It is said that, in a constitutional republic wisdom is not necessary to be a representative
of the people.
However, to be a true representative of the people, one ought to listen to the people, and
represent the authentic will of the people. If a representative does not express, reflect, and
enact the will of the people, then that representative does not represent the people. A
representative needs to know the difference between the general will of the people -- the
common good, the public interest -- and the particular interests of individuals and of
various partisan groups. Making such a distinction is what constitutes leadership in a
true democracy.
If every person, as a citizen, ought to have a right to vote, then every citizen also ought
to have a right to productive work, and a right to own personal property. Unemployment
is evidence that there is no genuine right to productive work. Pauperism and poverty is
evidence that there is no genuine right to possess personal property.
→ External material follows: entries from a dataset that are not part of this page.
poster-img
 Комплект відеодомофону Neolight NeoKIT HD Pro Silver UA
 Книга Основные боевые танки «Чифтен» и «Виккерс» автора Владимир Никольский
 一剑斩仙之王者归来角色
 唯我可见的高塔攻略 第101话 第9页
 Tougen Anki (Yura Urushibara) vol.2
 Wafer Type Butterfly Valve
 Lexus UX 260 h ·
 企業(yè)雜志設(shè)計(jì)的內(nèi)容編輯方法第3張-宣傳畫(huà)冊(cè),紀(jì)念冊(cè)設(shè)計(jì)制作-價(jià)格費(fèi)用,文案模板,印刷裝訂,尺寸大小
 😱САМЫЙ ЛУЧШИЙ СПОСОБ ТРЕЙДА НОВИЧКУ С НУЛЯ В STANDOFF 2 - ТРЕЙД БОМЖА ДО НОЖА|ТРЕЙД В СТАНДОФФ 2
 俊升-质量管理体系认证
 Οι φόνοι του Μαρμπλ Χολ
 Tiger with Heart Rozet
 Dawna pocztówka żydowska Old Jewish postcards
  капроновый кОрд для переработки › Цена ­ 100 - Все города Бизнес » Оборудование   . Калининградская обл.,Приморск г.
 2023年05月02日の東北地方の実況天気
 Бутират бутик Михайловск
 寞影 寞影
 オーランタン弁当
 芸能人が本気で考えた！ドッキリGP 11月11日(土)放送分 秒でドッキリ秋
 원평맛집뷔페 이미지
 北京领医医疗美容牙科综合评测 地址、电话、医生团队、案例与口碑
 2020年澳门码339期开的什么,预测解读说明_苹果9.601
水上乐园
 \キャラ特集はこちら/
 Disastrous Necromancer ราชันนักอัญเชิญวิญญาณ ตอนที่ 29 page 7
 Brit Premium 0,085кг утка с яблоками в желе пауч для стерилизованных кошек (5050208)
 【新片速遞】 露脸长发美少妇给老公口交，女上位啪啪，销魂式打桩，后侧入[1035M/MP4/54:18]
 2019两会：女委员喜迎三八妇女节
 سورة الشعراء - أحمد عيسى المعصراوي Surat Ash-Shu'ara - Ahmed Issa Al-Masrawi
If there are no minimal welfare rights, then there is no genuine right to life, liberty, or the
pursuit of happiness.
If we had a good system, a truly successful constitutional republic, then the people of
Iraq would want to copy our constitutional system, the people of Iraq would want very
much to emulate our republic. We would not feel a need to make war in order to impose
our system of government on Iraq.
There are those who favor democracy, and who will say that the voice of the people is
the voice of God. In truth, the voice of the people is the voice of common sense, the voice
of collective judgment, the voice of consensus.
The people have been called many things by many writers. According to Edmund Burke,
the people are "the great unwashed". In the opinion of Thomas Browne, the people are
"that numerous piece of monstrosity". Robert Buchanan wrote of the people that they are
"the vulgar popular cattle". Francesco Guicciardini called the people, "a monster full of
confusion and mistake'. Niccolo Machiavelli thought of the people as "a wild beast".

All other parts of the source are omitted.